• Assignment: A faithful copy of the data is the goal; set it down exactly, without the images.

------------------------------------------------

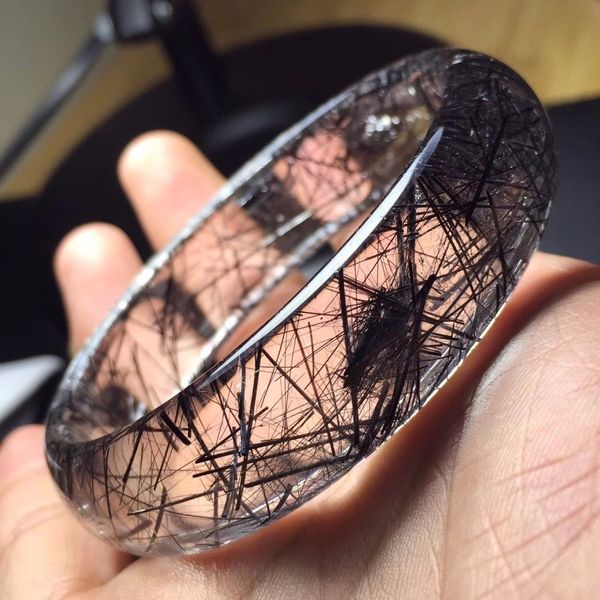 54mm natural quartz black hair rutilated crystal bangle bracelet handwork, Golden;silver
54mm natural quartz black hair rutilated crystal bangle bracelet handwork, Golden;silver
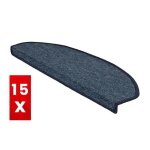 15 pcs tapis descalier london bleu fonc� 235 x 65 cm demi - circulaire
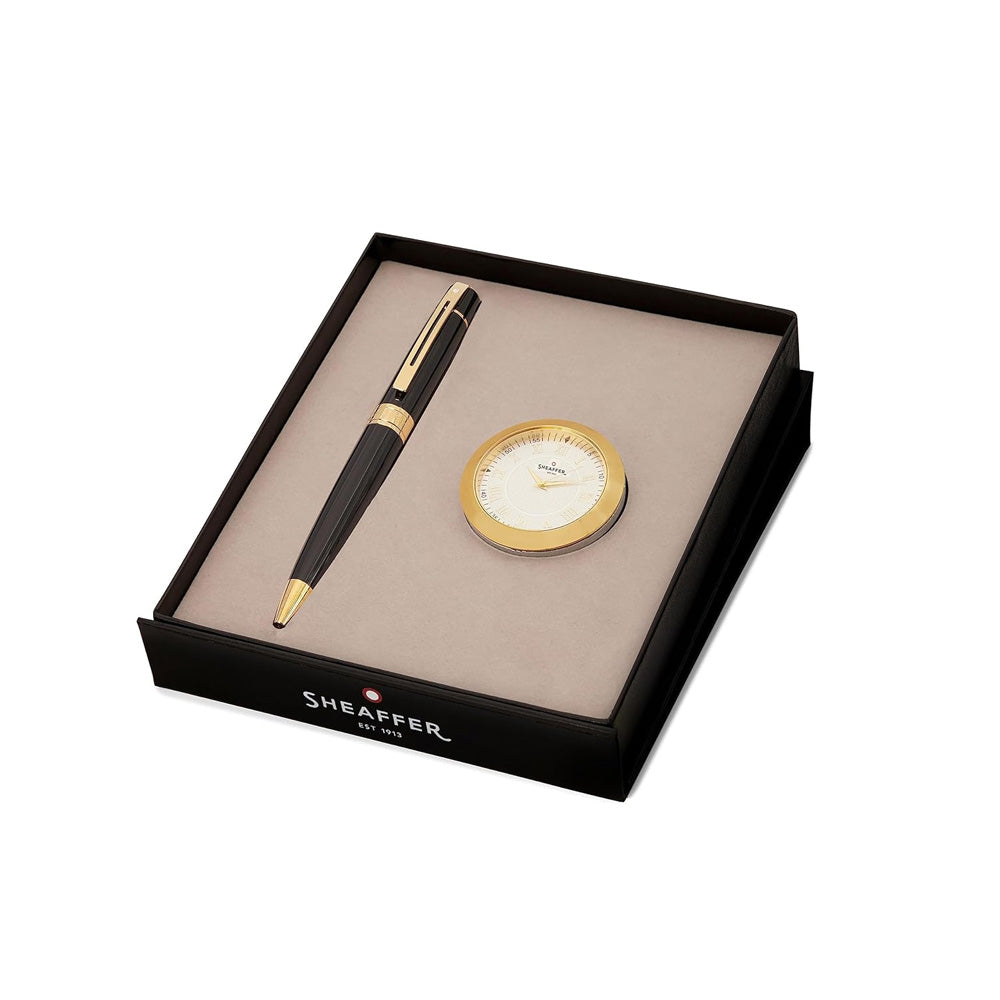 Sheaffer Gift 300 9325 Glossy Black with Gold-Tone Trim Ball Pen with Gold Table Clock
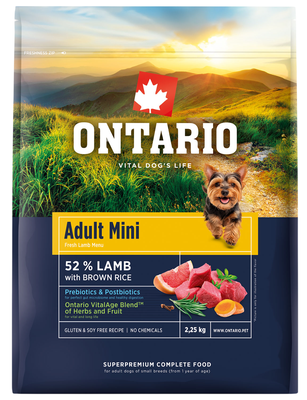 Ontario Krmivo Mini Lamb & Brown Rice pro dospělé psy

------------------------------------------------

• Output below:
 54mm natural quartz black hair rutilated crystal bangle bracelet handwork, Golden;silver
54mm natural quartz black hair rutilated crystal bangle bracelet handwork, Golden;silver
 15 pcs tapis descalier london bleu fonc� 235 x 65 cm demi - circulaire
 Sheaffer Gift 300 9325 Glossy Black with Gold-Tone Trim Ball Pen with Gold Table Clock
 Ontario Krmivo Mini Lamb & Brown Rice pro dospělé psy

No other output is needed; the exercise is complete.